I think we can rule out covert intent right away, simply on charity and respect. I just can't imagine them rubbing their hands with glee about deceiving players into thinking fighters and wizards are equal while knowing they aren't. Likewise, "accident" seems much too uncharitable. I certainly think they had some foolish accidents they
should have foreseen, e.g. the "ghoul surprise," but I can't see them so foolish as to stumble butt-first into this situation. Which leaves subconscious acts and bias, augmented by "tradition" and other things. Given the Heinsoo interview, we even have precedent for this pattern.

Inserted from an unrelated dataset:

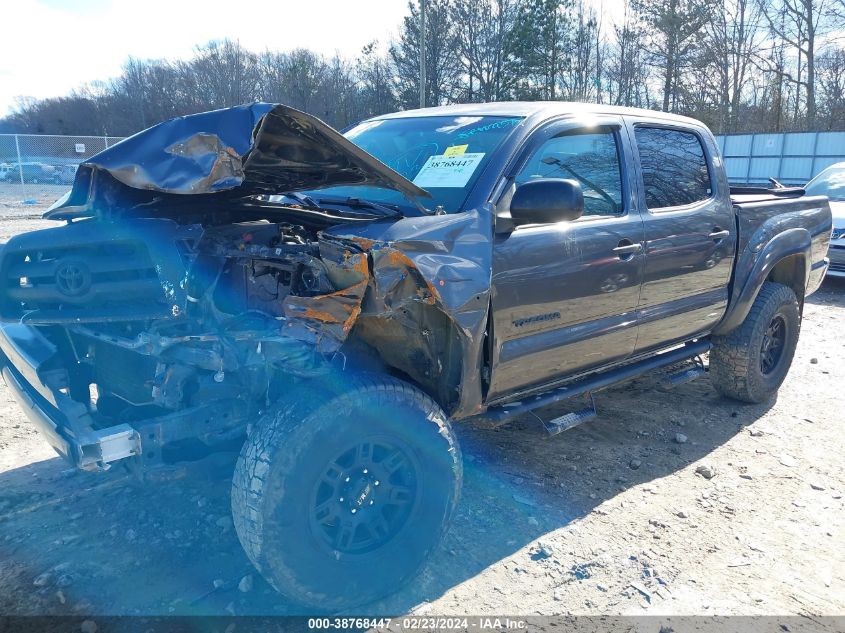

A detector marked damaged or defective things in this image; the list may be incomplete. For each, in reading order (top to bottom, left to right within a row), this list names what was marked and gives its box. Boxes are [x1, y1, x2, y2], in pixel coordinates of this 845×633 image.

So: Yes. I 100% believe that this was "designed intentionally," but I
do not believe that "intentionally" there
means "we explicitly want wizards to be the best class in the game." I think that what it
actually means is powering up individual spells without heed for how that powers up magic generally. That it means underestimating the power gap in past editions, and thus barely shifting casters down or non-casters up. That it reflects (long-standing) unwarranted skepticism of "always-on" power, and (likewise long-standing) unwarranted permissiveness with power gated by daily resources. That it comes from not understanding the math/stats behind features (e.g. Champion's crit range bonus is
horribly weak.)
As a result, I was forced to vote "any imbalance between the classes is on purpose," even though I DON'T believe it was
conscious purpose. Instead, I believe that their explicit and genuine intent was NOT to make unbalanced classes, but their subconscious impulses pushed them continuously away from balance in a way that favored spellcasters over non-spellcasters.
Which brings me to something I said I would cover later: wizards as the "specialist in magic" (or, rather, specialist in
spellcasting.) Only Land druids can match wizards for daily spells cast. This results in de-flavoring the wizard (it gets essentially zero features to support its bookish, academia-driven, "ivory tower researcher" theme) while at the same time
empowering it, which is the worst of both worlds. Spellcasting has always been very powerful. 5e very,
very slightly blunted that power, without meaningfully addressing the real issue, which is that non-spellcasting characters are simply not capable of affecting the world on the same level as spellcasting characters,
especially full casters.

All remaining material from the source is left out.